How to merge tables?

Hi,

i have several tables in with following columns:

Product, Month

I have 1 table for each month, for example:

Product, January
Cookies, 15

and

Product, February
Cookies, 2

and

Product, March
Easter eags, 20

I would like to merge these tables in to:

Product, January, February, March
Cookies, 15, 2, 
Easter eggs, , , 20 

How would I do this best? I did not find a keyword in RPA.Tables. I thought I better ask before I start converting in to python dicts forth and back and probably go insane trying :wink:

Best regards,
Markus

That’s an interesting challenge. I don’t think Tables would easily handle that, since you’d have to merge tables by using product as a key/index. I was going to do some small changes to the library today anyways, so I think a specific Merge Tables could be added and be useful elsewhere.

3 Likes

Yes, you are right! I had not thought about that Product is a key column. That’s probably why pandas have the concept join instead of merge.

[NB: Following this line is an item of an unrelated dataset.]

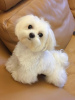 Photo №4. I will sell maltese dog in the city of Даллас. private announcement - price - 500$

I would probably have to define in which columns I like to join tables and if I only want include products that exist in all tables (inner join) or also those exist in at least 1 table (outer join).

This is working for me:

from robot.api.deco import library, keyword
from RPA.Tables import Tables
from typing import List, Dict
from pandas import DataFrame

@library
class PandasLibrary:

    library = Tables()

    @keyword
    def join_dicts(self, data_sets: List[List[Dict]]) -> DataFrame:
        result: DataFrame = DataFrame.from_dict([])
        for data in data_sets:
            new_data = DataFrame.from_dict(data)
            if result.empty:
                result = new_data
            else:
                result = result.merge(new_data, how='outer')
        return result

    # keyword for converting pandas back to RPA.Tables
    @keyword
    def create_table_from_panda(self, data: DataFrame):
        records = data.to_dict(orient='records')
        return self.library.create_table(records)
    
    # pandas actually make nicer excel
    @keyword
    def save_panda_to_excel(self, data: DataFrame, excelfile: str, sheet_name='Seite 1'):
        data.to_excel(excelfile, sheet_name=sheet_name, index=False)

First keyword merges tables exactly like required. I used the second one for creating an excel file from the resulting table:

Convert panda to table and save in excel
   ${table}    PandasLibrary.create table from panda   ${PRODUKT_SUMMARY}
    RPA.Excel.Files.create workbook    ${OUTPUT_DIR}/produkte.xlsx
    RPA.Excel.Files.create worksheet    ProduktĂĽbersicht    ${table}
    RPA.Excel.Files.save workbook

But it is easier writing the pandas.DataFrame directly using the third keyword:

Save panda to excel
    PandasLibrary.save panda to excel    ${PRODUKT_SUMMARY}    ${OUTPUT_DIR}/panda.xlsx    ProduktĂĽbersicht

Maybe the first merging keyword is helpful for a RPA.Tables.merge keyword :slight_smile:

2 Likes

Nice!

I forgot to report back, but I added a simple merge tables keyword in the previous rpaframework release. It’s essentially a (version of) outer join; It joins all columns and then either a) appends all rows from all tables or b) merges rows based on a given column as key.

The example should look quite familiar: https://robocorp.com/docs/libraries/rpa-framework/rpa-tables/keywords#merge-tables

Tables itself doesn’t use pandas since it and its dependencies are quite large, and tables will be included everywhere.